Ameen Fuad, Almalki Norah Salem, Alshalan Rawan, Sakayanathan Penislusshiyan
Department of Botany & Microbiology, College of Science, King Saud University, Riyadh, Saudi Arabia.
Laboratory and Blood Bank Department, King Fahad General Hospital, Second Cluster, Jeddah, Saudi Arabia.
Microsc Res Tech. 2025 Mar;88(3):749-760. doi: 10.1002/jemt.24726. Epub 2024 Nov 18.

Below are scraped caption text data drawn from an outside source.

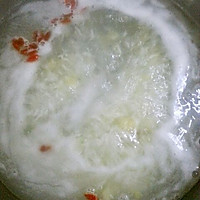米酒银耳蛋花汤的做法图解2
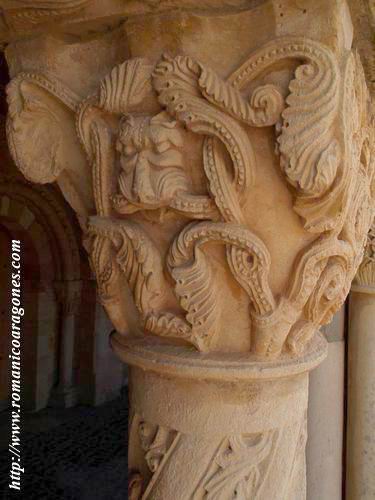 DETALLE DE LEONES Y VOLUTAS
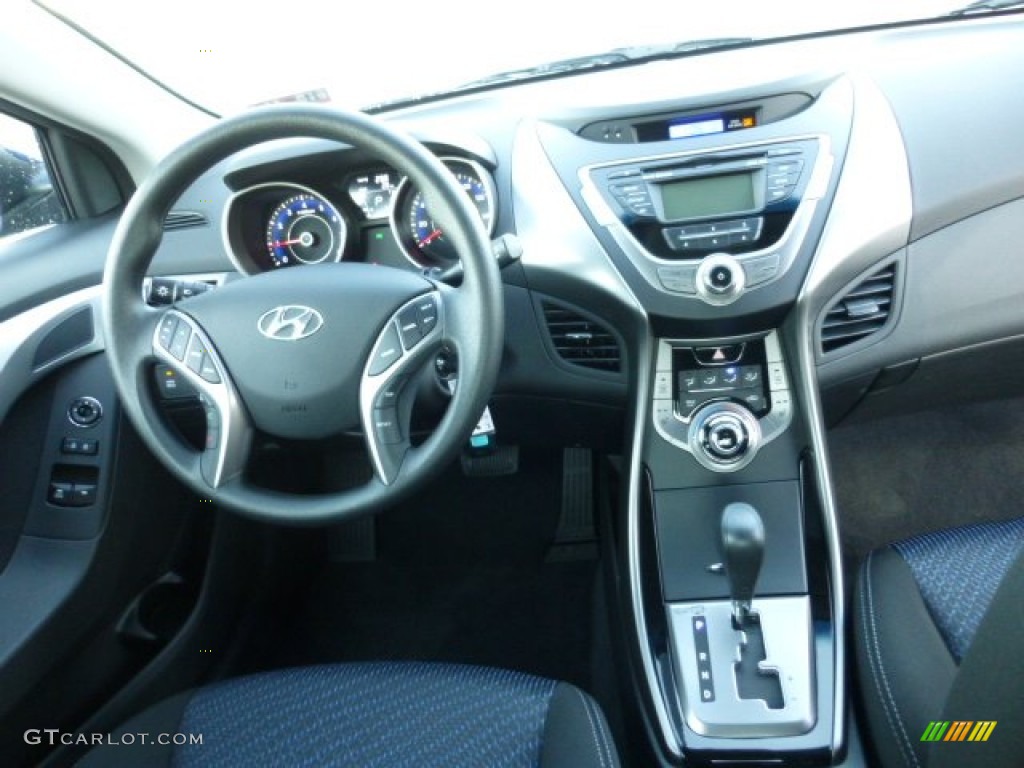 2013 Hyundai Elantra Coupe GS Dashboard Photos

Selenium nanoparticles (SeNPs) have garnered significant interest as anticancer and antimicrobial agents. The aqueous extract of medicinal plant Drimia indica leaves (DI-LAE) was used to synthesize SeNPs (DI-SeNPs) that were extensively characterized by UV-visible absorbance, TEM, EDX, XRD, zeta potential measurements, and FTIR. DI-SeNPs exhibited dose-dependent toxicity against the human lung adenocarcinoma cell line (A549; IC of 43.21 μg/mL). DI-SeNPs increased reactive oxygen species (ROS) generation in A549 cells. DI-SeNPs caused cell cycle arrest in the G2/M phase and increased DNA damage in A549 cells, ultimately driving these cells toward apoptosis. DI-SeNPs significantly increased p53 levels, decreasing Akt levels and elevating cleaved caspase 3 levels in A549 cells. Additionally, DI-SeNPs exhibited antimicrobial activity against various bacteria and fungi. These findings suggest that DI-SeNPs possess significant anticancer and antimicrobial properties, mediated through mechanisms involving ROS generation, cell cycle arrest, and apoptosis induction.
硒纳米颗粒(SeNPs)作为抗癌和抗菌剂已引起广泛关注。药用植物印度海葱叶水提取物(DI-LAE)被用于合成硒纳米颗粒(DI-SeNPs),并通过紫外可见吸收光谱、透射电子显微镜、能谱分析、X射线衍射、zeta电位测量和傅里叶变换红外光谱对其进行了全面表征。DI-SeNPs对人肺腺癌细胞系(A549;半数抑制浓度为43.21μg/mL)表现出剂量依赖性毒性。DI-SeNPs增加了A549细胞中活性氧(ROS)的生成。DI-SeNPs导致A549细胞在G2/M期发生细胞周期阻滞,并增加了DNA损伤,最终促使这些细胞走向凋亡。DI-SeNPs显著提高了A549细胞中p53水平,降低了Akt水平,并提高了裂解的半胱天冬酶3水平。此外,DI-SeNPs对多种细菌和真菌表现出抗菌活性。这些发现表明,DI-SeNPs具有显著的抗癌和抗菌特性,其作用机制涉及ROS生成、细胞周期阻滞和凋亡诱导。